## WORK REQUIRED
Transcribe each line below without altering anything.

## DATA PROVIDED
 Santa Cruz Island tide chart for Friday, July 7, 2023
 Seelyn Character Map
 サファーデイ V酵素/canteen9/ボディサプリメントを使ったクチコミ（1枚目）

## YOUR SOLUTION
 Santa Cruz Island tide chart for Friday, July 7, 2023
 Seelyn Character Map
 サファーデイ V酵素/canteen9/ボディサプリメントを使ったクチコミ（1枚目）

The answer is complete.